Наш хозяин зрительного зала Т. И. Бережной рассказывал нам о маленьких поклонниках спектакля: они по нескольку раз приходили смотреть его в надежде, что поймает же в конце концов любимый Тильтиль свою птицу-счастье, ведь в жизни должно быть счастье, не нужно только бояться его искать. А на спектаклях для Красной Армии молодые голоса красноармейцев вступали в наш хор: "Мы длинной вереницей пойдем за синей птицей". Конечно, такая легкость исчезновения границы между сценой и зрителем возможна была именно в 1921 году, когда всех изнуряли долгие зимние вечера, когда электричеством снабжались только общественные места, а дома ждали нас коптилки и лампадки.
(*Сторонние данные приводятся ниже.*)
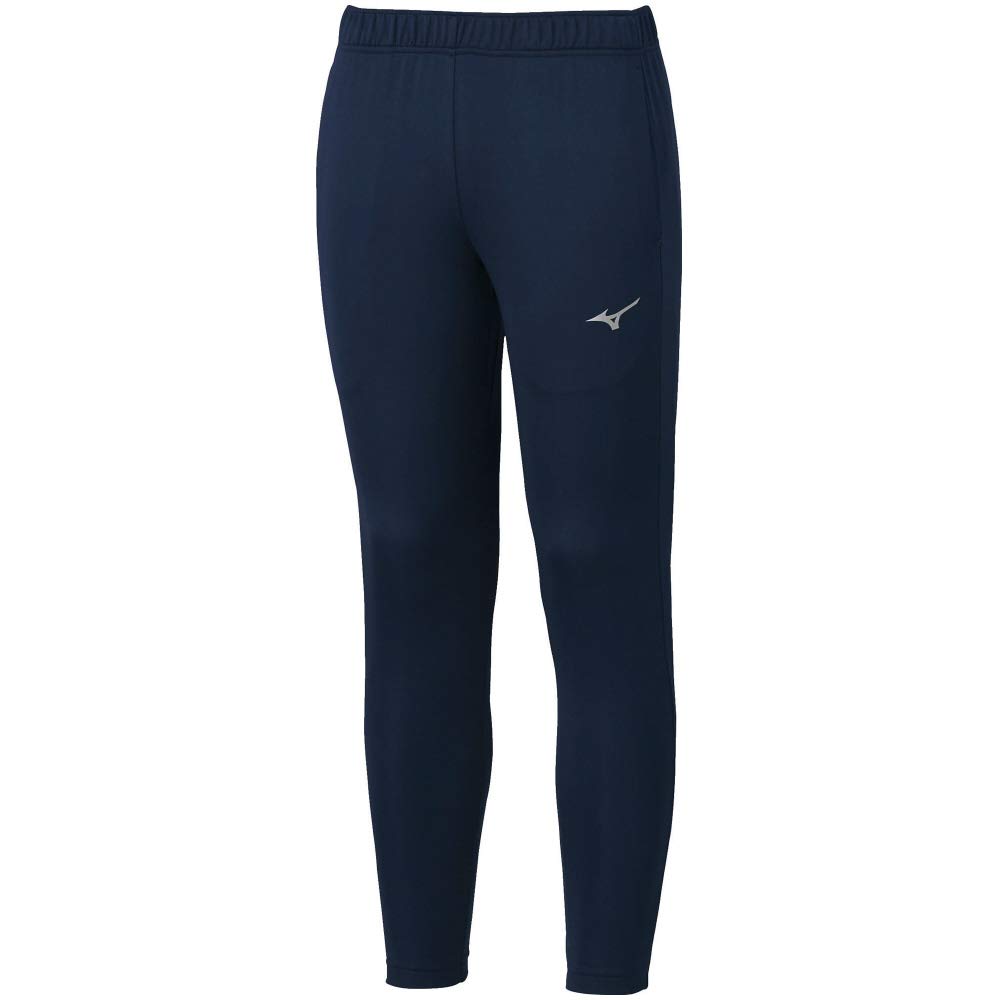 Mizuno TEAM Line Soft Knit Training Dress Size 130 Pants, 32MD1160, Kids' Navy,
Силы зла, мешающие детям в нашей сказке, были близко от нас, под Петроградом, и уже назревали кронштадтские события, а наши юные зрители и подпевающие нам красноармейцы верили вместе с Тильтилем в мечту о синей птице. Силен народ, который обладает фантазией!
Почему же шестнадцатилетняя Верочка Будрейко без всякой школы с первой же роли, так сказать, с места в карьер, превосходно и накрепко вошла в наш ансамбль, работающий строго по системе Станиславского? Как раз то, что она еще ничего не умела, помогло ей по-детски доверчиво и просто воспринять основную задачу: все видеть впервые, безмерно удивляться и только от брата ждать помощи и спасения. Правду поведения на сцене она усвоила не на лекциях в драматической школе, а в постоянном общении с нами, уже овладевшими основами системы Станиславского. Кто любопытен и жаден к постижению актерских тайн, успевал нахвататься за время ежедневных репетиций и спектаклей много больше, чем можно получить в школе от педагога, сидящего за кафедрой. Наглядность примера на репетициях, особенно при разборе неудающихся кусков, сильнее и прочнее действовала, чем подробная и дельная лекция. Потому у нас многие, еще не достигнув совершеннолетия, становились всамделишными актерами, которым доверялись ответственные роли. Еще ранее Будрейко заиграли М. Царев, В. Азанчеев, М. Скрябина, Ю. Лавров и другие.